Lines from the one containing "Corsair MP600 Core Mini 2TB SSD" through the final line of the records are the only ones to copy, and each must match exactly.

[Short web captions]
********************

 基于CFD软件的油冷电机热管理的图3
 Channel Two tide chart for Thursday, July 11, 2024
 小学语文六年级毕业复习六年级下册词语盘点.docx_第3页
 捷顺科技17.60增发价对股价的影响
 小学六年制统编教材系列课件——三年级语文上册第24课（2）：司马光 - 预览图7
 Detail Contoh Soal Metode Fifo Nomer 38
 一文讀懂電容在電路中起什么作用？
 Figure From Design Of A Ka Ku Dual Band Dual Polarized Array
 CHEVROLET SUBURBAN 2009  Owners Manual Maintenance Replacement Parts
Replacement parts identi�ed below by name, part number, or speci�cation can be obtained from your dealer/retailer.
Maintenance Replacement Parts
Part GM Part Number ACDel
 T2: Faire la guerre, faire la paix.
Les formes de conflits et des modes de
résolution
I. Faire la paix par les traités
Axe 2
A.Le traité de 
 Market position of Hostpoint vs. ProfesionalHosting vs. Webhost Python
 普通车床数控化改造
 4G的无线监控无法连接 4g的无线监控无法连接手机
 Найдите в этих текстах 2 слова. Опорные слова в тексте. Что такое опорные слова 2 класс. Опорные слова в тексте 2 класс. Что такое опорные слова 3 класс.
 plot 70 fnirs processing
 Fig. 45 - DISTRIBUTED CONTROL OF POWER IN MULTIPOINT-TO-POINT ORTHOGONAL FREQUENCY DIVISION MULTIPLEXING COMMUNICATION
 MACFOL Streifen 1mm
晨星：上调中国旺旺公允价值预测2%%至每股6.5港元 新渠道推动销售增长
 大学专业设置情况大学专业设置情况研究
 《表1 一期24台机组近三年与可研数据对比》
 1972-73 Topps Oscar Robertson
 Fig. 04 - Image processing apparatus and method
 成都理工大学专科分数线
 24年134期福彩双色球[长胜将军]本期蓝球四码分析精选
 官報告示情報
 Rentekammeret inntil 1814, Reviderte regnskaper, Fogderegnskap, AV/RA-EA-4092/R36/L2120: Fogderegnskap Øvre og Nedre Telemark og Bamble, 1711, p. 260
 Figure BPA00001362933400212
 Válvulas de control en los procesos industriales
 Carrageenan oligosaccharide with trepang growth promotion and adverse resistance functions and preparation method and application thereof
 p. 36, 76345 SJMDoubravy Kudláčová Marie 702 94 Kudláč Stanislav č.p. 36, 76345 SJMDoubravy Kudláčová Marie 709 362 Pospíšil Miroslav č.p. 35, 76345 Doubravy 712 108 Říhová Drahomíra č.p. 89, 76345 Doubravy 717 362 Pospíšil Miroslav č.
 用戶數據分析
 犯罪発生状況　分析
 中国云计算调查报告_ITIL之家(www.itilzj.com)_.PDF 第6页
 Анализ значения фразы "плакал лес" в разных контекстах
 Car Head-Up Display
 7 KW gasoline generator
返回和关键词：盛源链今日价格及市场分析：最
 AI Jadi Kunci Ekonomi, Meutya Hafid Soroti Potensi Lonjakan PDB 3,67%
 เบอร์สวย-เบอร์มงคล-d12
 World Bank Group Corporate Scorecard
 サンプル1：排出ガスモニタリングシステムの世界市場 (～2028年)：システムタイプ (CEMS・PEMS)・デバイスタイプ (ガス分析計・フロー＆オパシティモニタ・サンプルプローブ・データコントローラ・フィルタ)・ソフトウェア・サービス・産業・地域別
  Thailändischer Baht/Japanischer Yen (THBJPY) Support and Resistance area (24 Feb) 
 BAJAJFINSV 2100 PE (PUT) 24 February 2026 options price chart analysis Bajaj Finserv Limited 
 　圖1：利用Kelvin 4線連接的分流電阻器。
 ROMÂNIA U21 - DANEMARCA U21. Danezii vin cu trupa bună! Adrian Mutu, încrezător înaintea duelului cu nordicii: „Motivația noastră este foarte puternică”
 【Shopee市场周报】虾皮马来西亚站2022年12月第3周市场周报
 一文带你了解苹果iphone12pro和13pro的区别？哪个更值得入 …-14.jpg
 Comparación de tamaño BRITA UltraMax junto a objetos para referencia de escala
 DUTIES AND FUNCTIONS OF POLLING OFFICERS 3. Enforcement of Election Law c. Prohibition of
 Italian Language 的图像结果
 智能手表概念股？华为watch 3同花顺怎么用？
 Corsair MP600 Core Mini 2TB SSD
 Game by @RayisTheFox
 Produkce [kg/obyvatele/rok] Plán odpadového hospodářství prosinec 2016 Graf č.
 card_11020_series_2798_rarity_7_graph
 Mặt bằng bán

********************

Task output.
 Corsair MP600 Core Mini 2TB SSD
 Game by @RayisTheFox
 Produkce [kg/obyvatele/rok] Plán odpadového hospodářství prosinec 2016 Graf č.
 card_11020_series_2798_rarity_7_graph
 Mặt bằng bán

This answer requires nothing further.